The upshot here is that although Plaintiffs may have a meritorious claim under ERISA for breach of fiduciary duty, under the current state of the law they are only entitled to "other appropriate equitable relief." The Court is not able to say or predict what "other appropriate equitable relief" Plaintiffs could be awarded in the event they do succeed on their claim for breach of fiduciary duty, but is clear that they would not be entitled to recover what amounts to payment of compensatory damages. Therefore, because money damages are not an available form of relief, under the circumstances presented by Plaintiffs' motion, the limited relief that is available is tantamount to or the equivalent of no likelihood of success on the merits.
B. Irreparable Harm
The Court recognizes that Plaintiffs and the potential class members are retirees who presumably are on fixed incomes and that even a slight reduction in their monthly incomes can cause serious repercussions amounting to irreparable harm.
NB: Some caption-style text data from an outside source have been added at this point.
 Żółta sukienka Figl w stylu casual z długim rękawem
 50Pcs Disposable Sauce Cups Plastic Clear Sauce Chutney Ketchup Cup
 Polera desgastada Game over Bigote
See, e.g., Golden v. Kelsey-Hayes Co., 73 F.3d 648, 656 (6th Cir. 1996). Nonetheless, as noted above, the Court cannot grant injunctive relief where there is no likelihood of success on the merits. The Court has already found that there is no likelihood that Plaintiffs are entitled to recovery of compensatory damages. Thus, unfortunately, the irreparable harm factor essentially drops from the Court's analysis.
C. Harm to Others
In this particular case, to the extent that it affects the plan's actuarial assumptions or valuations and qualified status, granting injunctive relief could be harmful to the other plan participants who would not be members of the proposed class.
D. The Public's Interest
While the public would undoubtedly be sympathetic to Plaintiffs' predicament, in ERISA cases, the presumption is that if a specific remedy is not expressly authorized in the statutory scheme, then Congress did not intend for participants to have that remedy. Massachusetts Mut. Life Ins. Co. v. Russell, 473 U.S. 134, 147 (1985). Because ERISA does not authorize recovery of compensatory damages in this particular case, the Court believes that the public interest would weigh in favor of adhering to ERISA's enforcement scheme and against granting the injunctive relief requested by Plaintiffs.
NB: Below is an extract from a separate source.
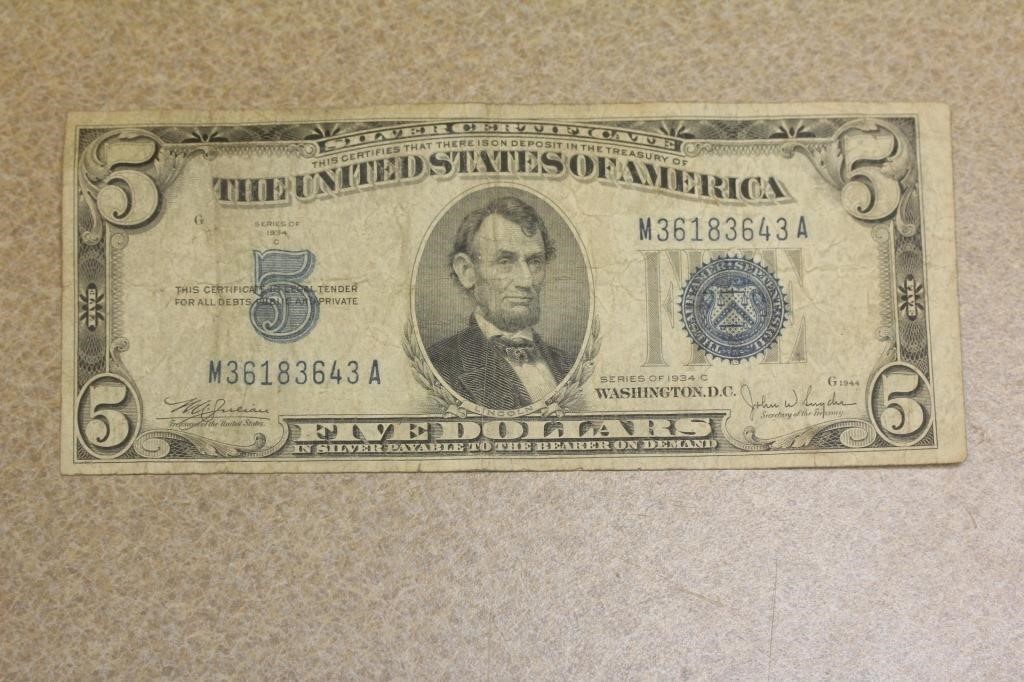 1934 Five Dollar Note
Because ERISA does not authorize an award of compensatory damages under the circumstances of this case, Plaintiffs have no likelihood of success on their petition for injunctive relief. As a consequence of that finding, the remaining factors of necessity weigh against Plaintiffs as well. According, Plaintiffs' motion for a temporary restraining order is not well-taken and is DENIED.